Will NZs boom be affected by the Transatlantic Trade and Investment Partnership?
Sir Michael Leigh blogs at the German Marshall Fund:
New Zealand is enjoying an export-led boom. At 3.1 percent, it boasts the highest GDP growth rate of any developed country. Reconstruction after the devastating 2012 Christchurch earthquake has provided an additional boost. Prime Minister John Key of the National Party is expected to win a third term of office in September, an achievement paralleled only by German Chancellor Angela Merkel in the period following the global financial crisis.
National is at 79% on iPredict to still be in Government after the election. This is exceptionally high. In 2011, I don’t think they were ever above 61%.
Much of New Zealand’s growth is fueled by trade with China, which has displaced Australia as the country’s largest export market.
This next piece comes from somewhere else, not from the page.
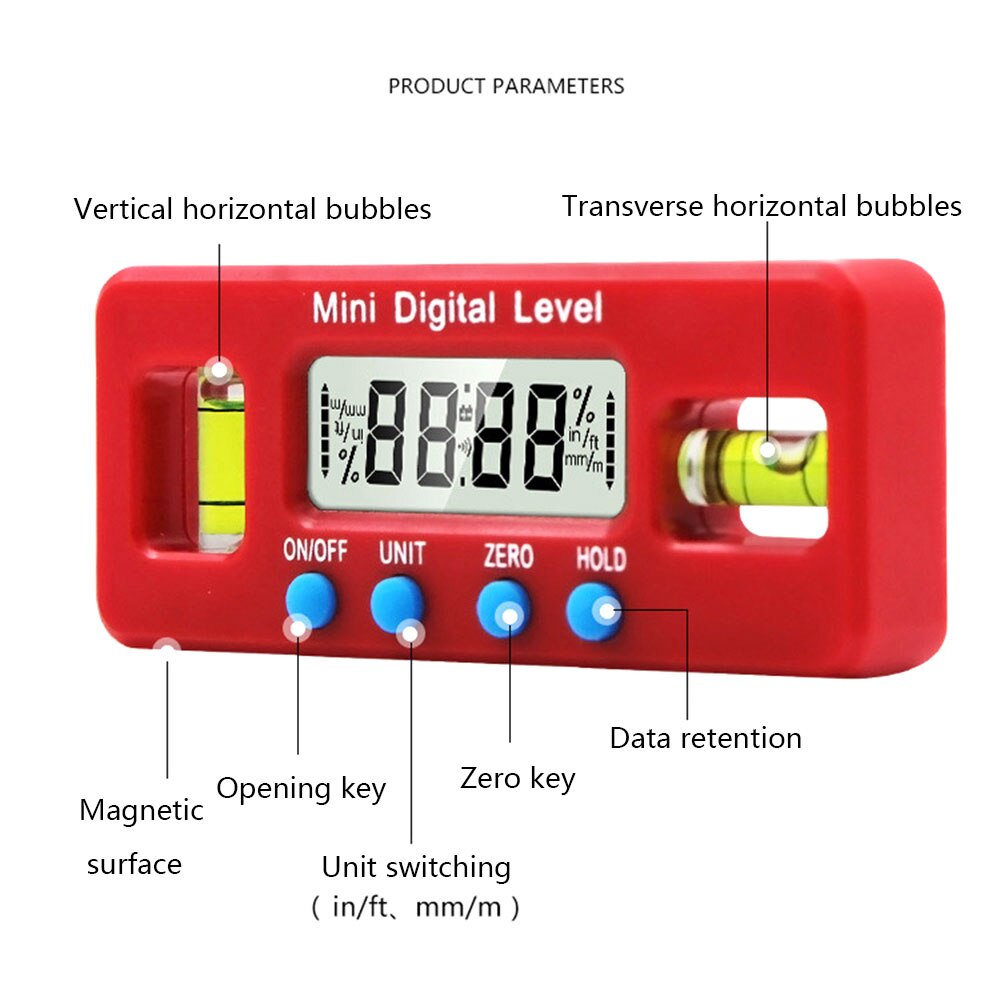 360 Degree Precision Mini Digital Protractor Inclinometer With Magnet Base With Magnet Base Angle Protractor Measuring Tools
New Zealand’s exports to China rose by a spectacular 45 percent in 2013. Milk powder and other dairy products were by far the largest export items but meat and forest products also made major inroads into the Chinese market. Four factors explain the phenomenal growth figures: the implementation of the 2008 free trade agreement between China and New Zealand, Beijing’s first such agreement with an OECD country; rising demand for quality food products from China’s growing middle class, which is set to double within a decade; the high quality and competitive pricing of New Zealand’s agricultural products; and the proactive export strategy of Fonterra, the dairy giant owned by 13,000 New Zealand dairy farmers.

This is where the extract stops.